Directions: Reproduce every line of the data, exactly and without its pictures.

Material provided:
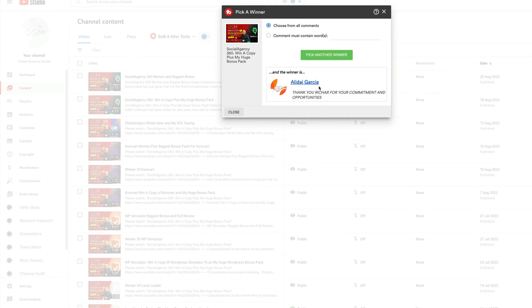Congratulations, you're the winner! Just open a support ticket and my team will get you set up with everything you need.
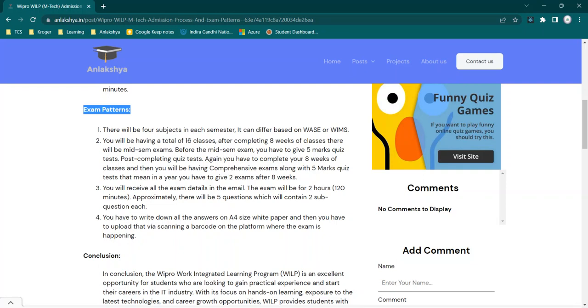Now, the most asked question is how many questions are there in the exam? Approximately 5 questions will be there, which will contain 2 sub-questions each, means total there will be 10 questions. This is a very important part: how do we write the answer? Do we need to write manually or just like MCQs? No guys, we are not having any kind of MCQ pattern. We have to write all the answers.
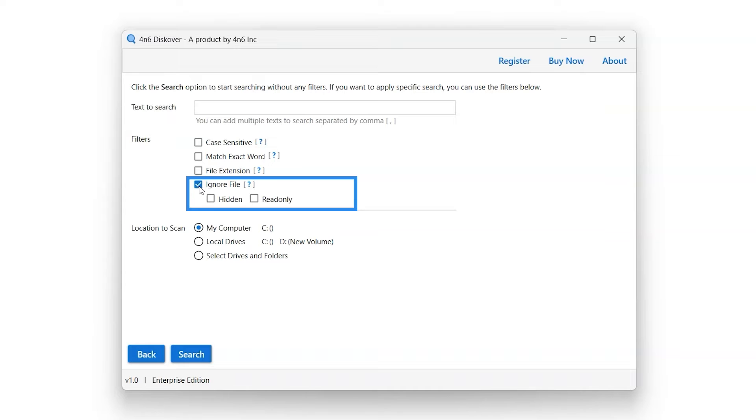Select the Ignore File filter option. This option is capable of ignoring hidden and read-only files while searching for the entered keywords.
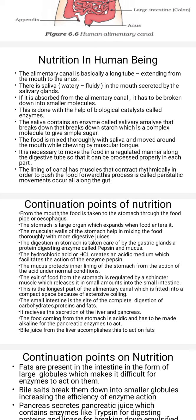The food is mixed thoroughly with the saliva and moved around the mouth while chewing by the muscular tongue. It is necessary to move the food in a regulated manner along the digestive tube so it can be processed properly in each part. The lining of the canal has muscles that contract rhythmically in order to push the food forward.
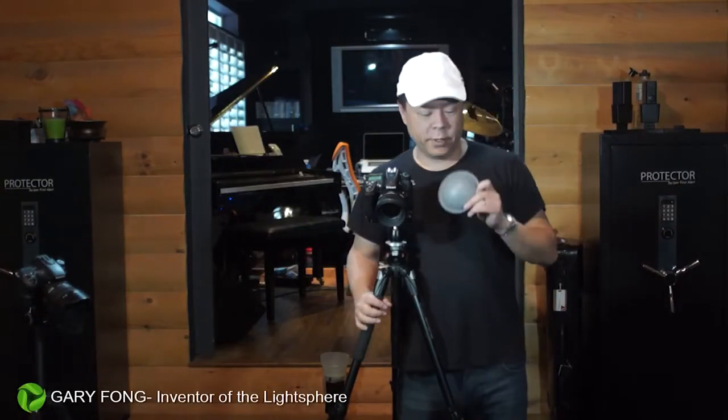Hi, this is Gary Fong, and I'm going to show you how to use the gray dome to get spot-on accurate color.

Reply:
Congratulations, you're the winner! Just open a support ticket and my team will get you set up with everything you need.
Now, the most asked question is how many questions are there in the exam? Approximately 5 questions will be there, which will contain 2 sub-questions each, means total there will be 10 questions. This is a very important part: how do we write the answer? Do we need to write manually or just like MCQs? No guys, we are not having any kind of MCQ pattern. We have to write all the answers.
Select the Ignore File filter option. This option is capable of ignoring hidden and read-only files while searching for the entered keywords.
The food is mixed thoroughly with the saliva and moved around the mouth while chewing by the muscular tongue. It is necessary to move the food in a regulated manner along the digestive tube so it can be processed properly in each part. The lining of the canal has muscles that contract rhythmically in order to push the food forward.
Hi, this is Gary Fong, and I'm going to show you how to use the gray dome to get spot-on accurate color.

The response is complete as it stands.